■ What you should do ■
Only the lines of the data below from the one with "Mermaid Wedding Dresses" through the one with "Le magasin Forever" are wanted. Repeat them exactly.
::::
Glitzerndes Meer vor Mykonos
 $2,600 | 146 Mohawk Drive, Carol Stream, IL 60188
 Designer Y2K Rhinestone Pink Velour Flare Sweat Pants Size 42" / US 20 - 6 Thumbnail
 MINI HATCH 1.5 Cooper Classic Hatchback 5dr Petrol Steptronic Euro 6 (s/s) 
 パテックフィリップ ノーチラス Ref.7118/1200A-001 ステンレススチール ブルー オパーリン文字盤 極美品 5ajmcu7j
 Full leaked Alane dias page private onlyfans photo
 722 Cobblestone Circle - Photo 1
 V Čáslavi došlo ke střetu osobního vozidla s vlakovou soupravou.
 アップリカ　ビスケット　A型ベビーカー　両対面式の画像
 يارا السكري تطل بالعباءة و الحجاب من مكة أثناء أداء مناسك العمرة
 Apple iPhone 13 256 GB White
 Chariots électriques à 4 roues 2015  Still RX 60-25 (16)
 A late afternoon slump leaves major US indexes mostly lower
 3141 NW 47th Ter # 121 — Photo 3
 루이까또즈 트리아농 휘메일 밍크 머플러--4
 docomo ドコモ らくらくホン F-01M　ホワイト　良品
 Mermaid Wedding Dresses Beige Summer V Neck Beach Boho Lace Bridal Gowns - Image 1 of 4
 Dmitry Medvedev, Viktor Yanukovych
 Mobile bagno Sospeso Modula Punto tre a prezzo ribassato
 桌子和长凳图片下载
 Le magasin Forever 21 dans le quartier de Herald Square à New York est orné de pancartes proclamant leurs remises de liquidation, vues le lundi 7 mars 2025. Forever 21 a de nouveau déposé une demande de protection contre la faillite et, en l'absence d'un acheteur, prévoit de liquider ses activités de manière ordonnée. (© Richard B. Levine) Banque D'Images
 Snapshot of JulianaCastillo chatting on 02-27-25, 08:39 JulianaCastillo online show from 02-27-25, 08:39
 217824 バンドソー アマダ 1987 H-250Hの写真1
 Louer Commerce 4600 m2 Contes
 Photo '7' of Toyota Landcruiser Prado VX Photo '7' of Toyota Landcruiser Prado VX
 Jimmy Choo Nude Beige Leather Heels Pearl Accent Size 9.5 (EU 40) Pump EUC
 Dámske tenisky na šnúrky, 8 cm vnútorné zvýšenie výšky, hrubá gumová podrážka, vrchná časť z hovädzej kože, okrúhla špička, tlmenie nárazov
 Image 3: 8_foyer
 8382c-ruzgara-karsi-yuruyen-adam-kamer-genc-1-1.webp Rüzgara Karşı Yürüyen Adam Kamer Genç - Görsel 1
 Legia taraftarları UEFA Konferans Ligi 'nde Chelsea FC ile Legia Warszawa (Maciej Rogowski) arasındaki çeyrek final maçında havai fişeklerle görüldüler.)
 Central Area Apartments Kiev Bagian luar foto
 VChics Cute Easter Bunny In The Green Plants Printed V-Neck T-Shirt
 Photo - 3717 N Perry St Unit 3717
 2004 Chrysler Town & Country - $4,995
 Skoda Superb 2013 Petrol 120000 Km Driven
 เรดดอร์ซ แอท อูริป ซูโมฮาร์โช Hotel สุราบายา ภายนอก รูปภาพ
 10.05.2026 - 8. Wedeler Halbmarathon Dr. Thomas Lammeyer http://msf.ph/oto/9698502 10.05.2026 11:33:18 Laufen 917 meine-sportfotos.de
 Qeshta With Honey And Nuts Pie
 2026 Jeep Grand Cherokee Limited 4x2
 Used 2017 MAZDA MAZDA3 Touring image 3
::::
■ Result for this exercise ■
 Mermaid Wedding Dresses Beige Summer V Neck Beach Boho Lace Bridal Gowns - Image 1 of 4
 Dmitry Medvedev, Viktor Yanukovych
 Mobile bagno Sospeso Modula Punto tre a prezzo ribassato
 桌子和长凳图片下载
 Le magasin Forever 21 dans le quartier de Herald Square à New York est orné de pancartes proclamant leurs remises de liquidation, vues le lundi 7 mars 2025. Forever 21 a de nouveau déposé une demande de protection contre la faillite et, en l'absence d'un acheteur, prévoit de liquider ses activités de manière ordonnée. (© Richard B. Levine) Banque D'Images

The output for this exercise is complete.